» **Dataset excerpt**
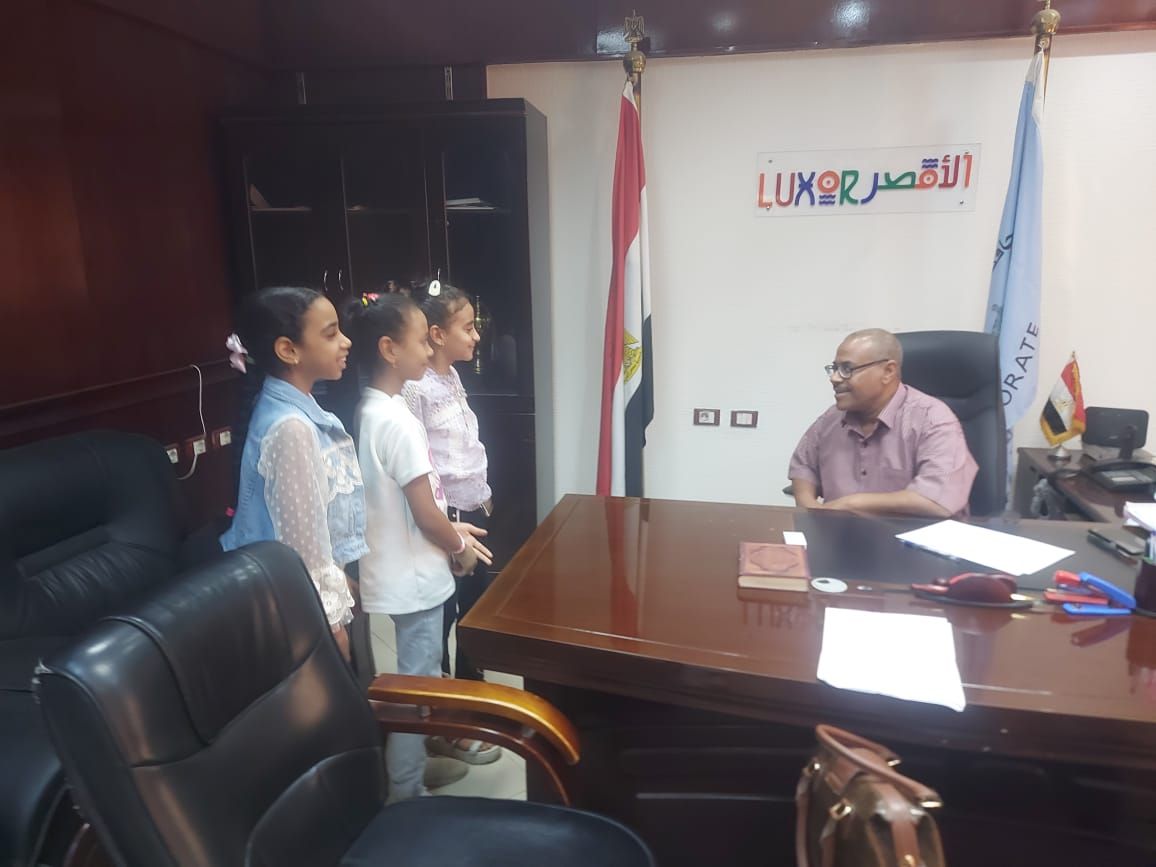 رئيس مدينة إسنا يستقبل فريق مشروع ابنتي الغالية لدعم الفتيات رئيس مدينة إسنا يستقبل فريق مشروع ابنتي الغالية لدعم الفتيات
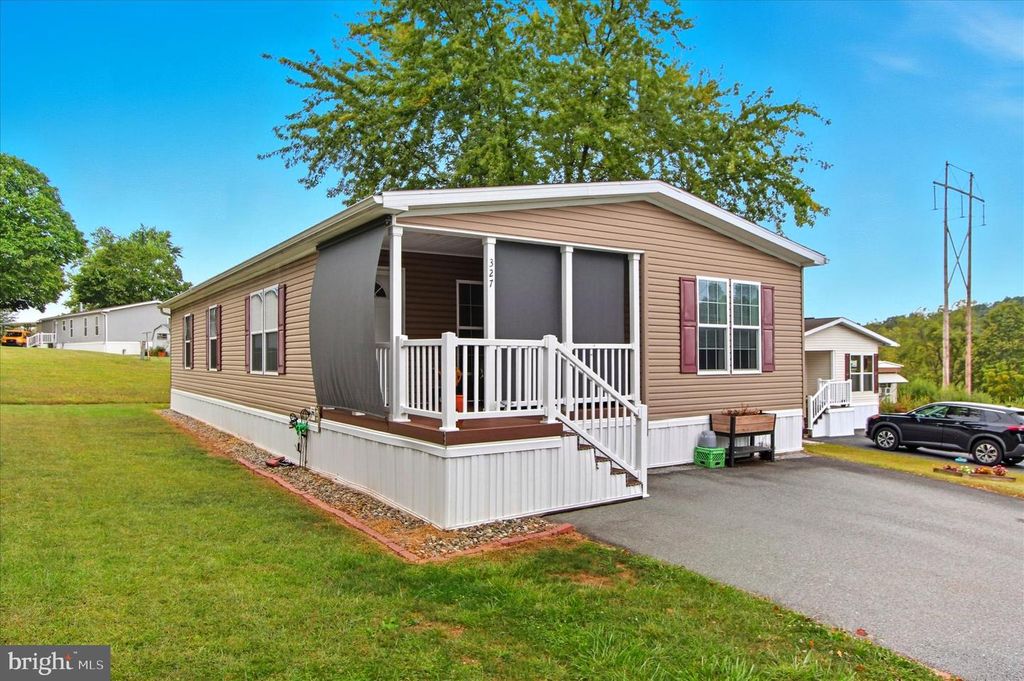 327 ROBIN DR, Red Lion, PA 17356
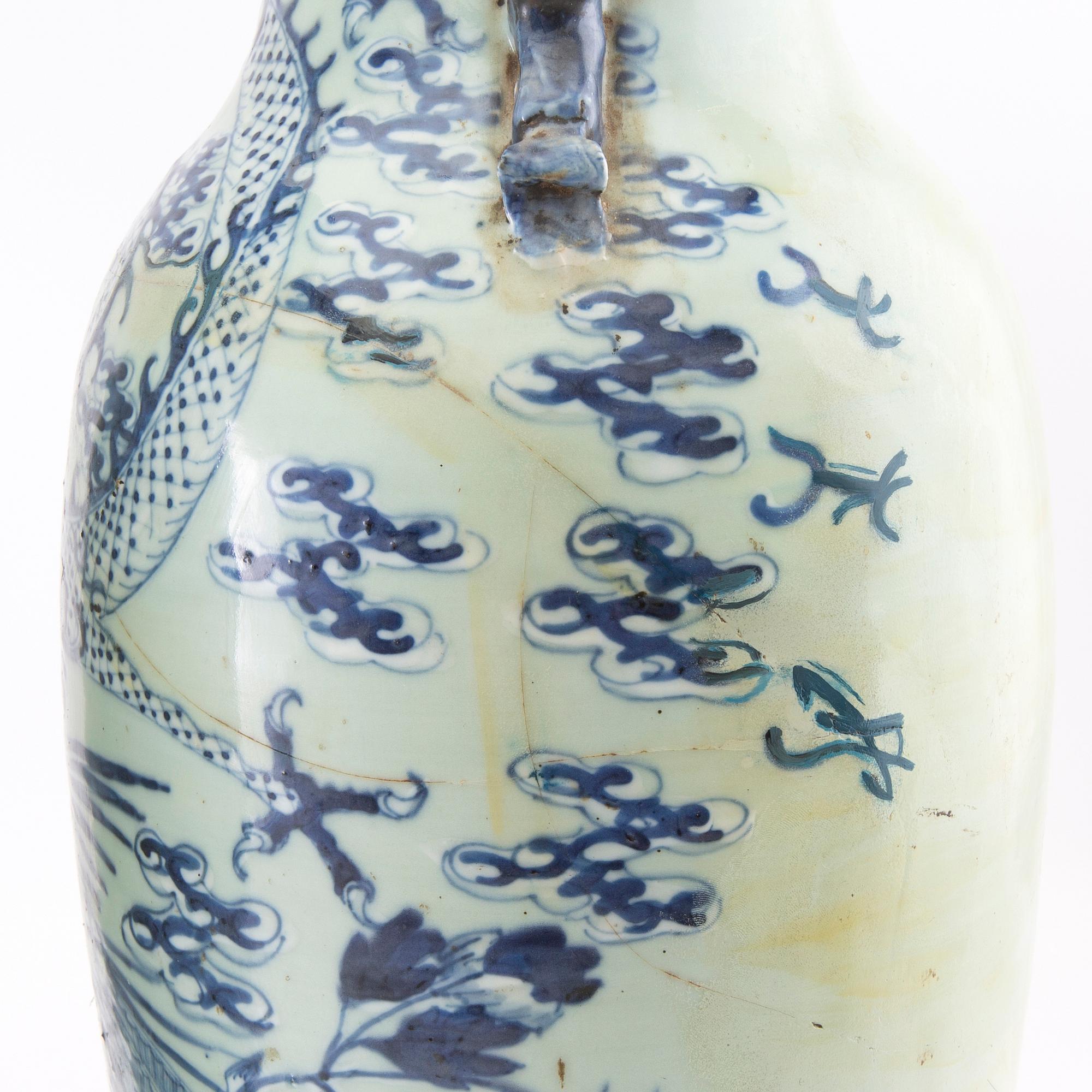 A pair of large Chinese vases, late Qing dynasty/early 20th century.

» **Problem to solve**
Copy out every line of the data above, taking care to leave the pictures out.

» **The answer**
 رئيس مدينة إسنا يستقبل فريق مشروع ابنتي الغالية لدعم الفتيات رئيس مدينة إسنا يستقبل فريق مشروع ابنتي الغالية لدعم الفتيات
 327 ROBIN DR, Red Lion, PA 17356
 A pair of large Chinese vases, late Qing dynasty/early 20th century.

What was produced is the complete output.